Last Updated: April 02, 2020
VAST Data’s Universal Storage redefines the economics of flash storage, making flash affordable for all applications, from the highest performance databases to the largest data archives, for the first time. The Universal Storage concept blends game-changing storage innovations to lower the acquisition cost of flash with an exabyte-scale file and object storage architecture breaking decades of storage tradeoffs.
With the advantage of new, enabling technologies that weren’t available before 2018, this new Universal Storage concept can achieve a previously-impossible architecture design point. The system combines low-cost QLC Flash Drives and 3D XPoint memory (such as Intel Optane) with stateless, containerized storage services all connected over new low-latency NVMe over Fabrics networks to create VAST’s Disaggregated Shared Everything (DASE) scale-out architecture.
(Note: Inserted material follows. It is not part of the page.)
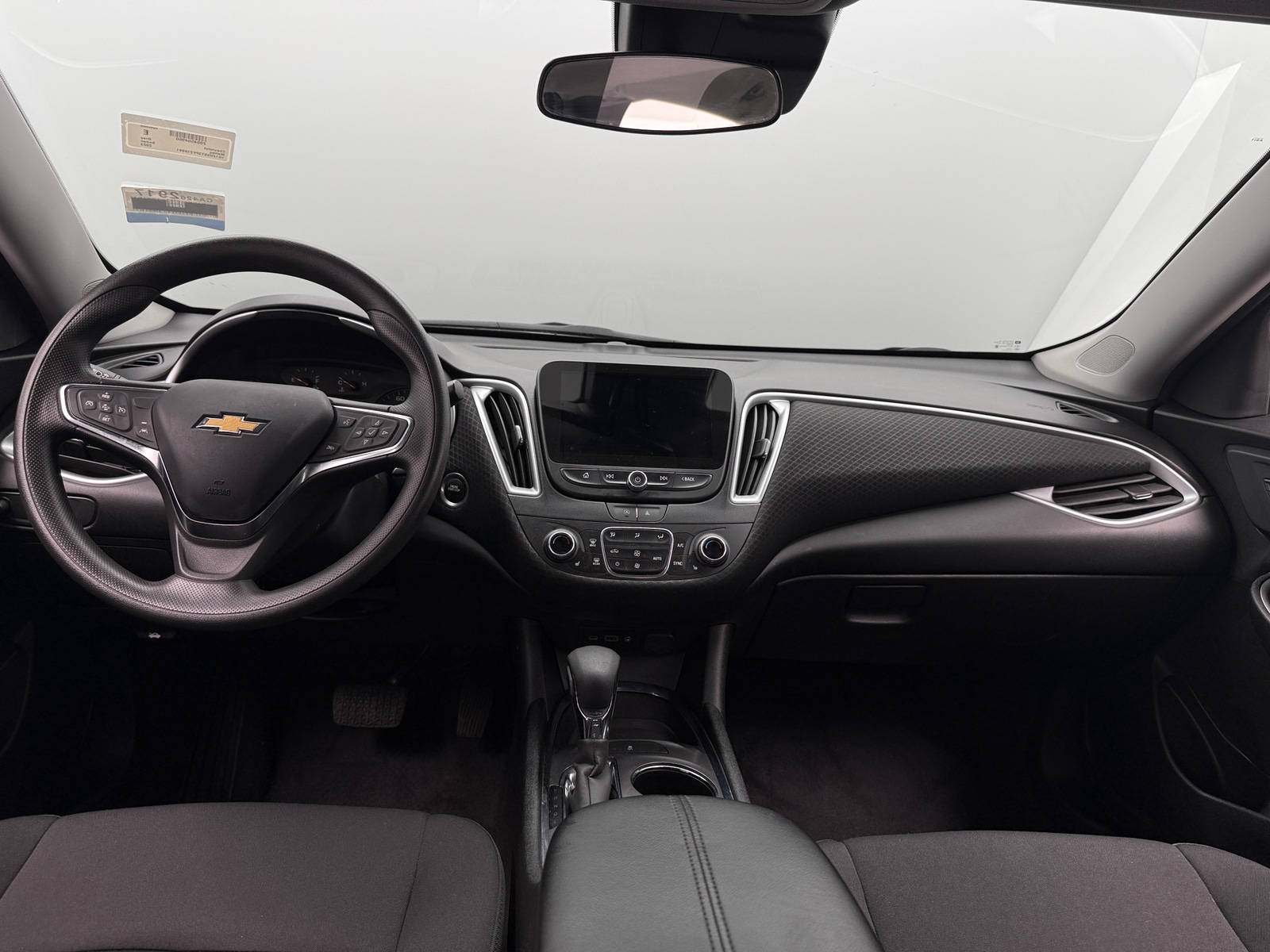 Thumbnail: 2023 Chevrolet Malibu - 3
Next-generation global algorithms are applied to this DASE architecture to deliver new levels of storage efficiency, resilience, and scale.
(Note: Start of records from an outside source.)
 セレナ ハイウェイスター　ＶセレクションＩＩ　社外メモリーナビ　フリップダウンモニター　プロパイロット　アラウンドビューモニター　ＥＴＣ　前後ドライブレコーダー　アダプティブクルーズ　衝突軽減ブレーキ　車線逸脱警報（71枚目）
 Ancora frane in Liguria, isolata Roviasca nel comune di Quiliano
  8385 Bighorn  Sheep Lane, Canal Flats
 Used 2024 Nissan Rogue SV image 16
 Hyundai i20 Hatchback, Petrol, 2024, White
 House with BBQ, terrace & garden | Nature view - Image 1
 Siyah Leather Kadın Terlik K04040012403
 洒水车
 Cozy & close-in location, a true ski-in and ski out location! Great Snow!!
While the architecture concepts are sophisticated, the intent and vision of Universal Storage are simple: to bring an end to the data center HDD era and end the complexity of storage tiering that is a byproduct of the decades of compromises caused by mechanical media. This White Paper will introduce you to the VAST Data’s Universal Storage and the DASE architecture and explain how this new architecture defies all conventional definitions of storage. In breaking the classic price/performance tradeoff, this system features all-flash performance at archive economics to simplify the data center and accelerate all modern applications.
Why Universal Storage?
The Tyranny of Tiers
Over 30 years ago, Gartner introduced the storage tiering model as a means to optimize data center costs by advising customers to deprecate older and less-valuable data to lower-cost (and slower) tiers of storage. Fast forward 30 years and the sprawl of storage technologies within organizations has grown to unmanageable proportions – where many of the world’s largest companies can be found managing dozens of different types of storage. This problem is exhibited when defining both storage class (for example: all-flash, hybrid, all-HDD, tape) as well as by classes of protocols (block, file, object, big data, etc.)…. all of it creates a complex pyramid of storage technologies.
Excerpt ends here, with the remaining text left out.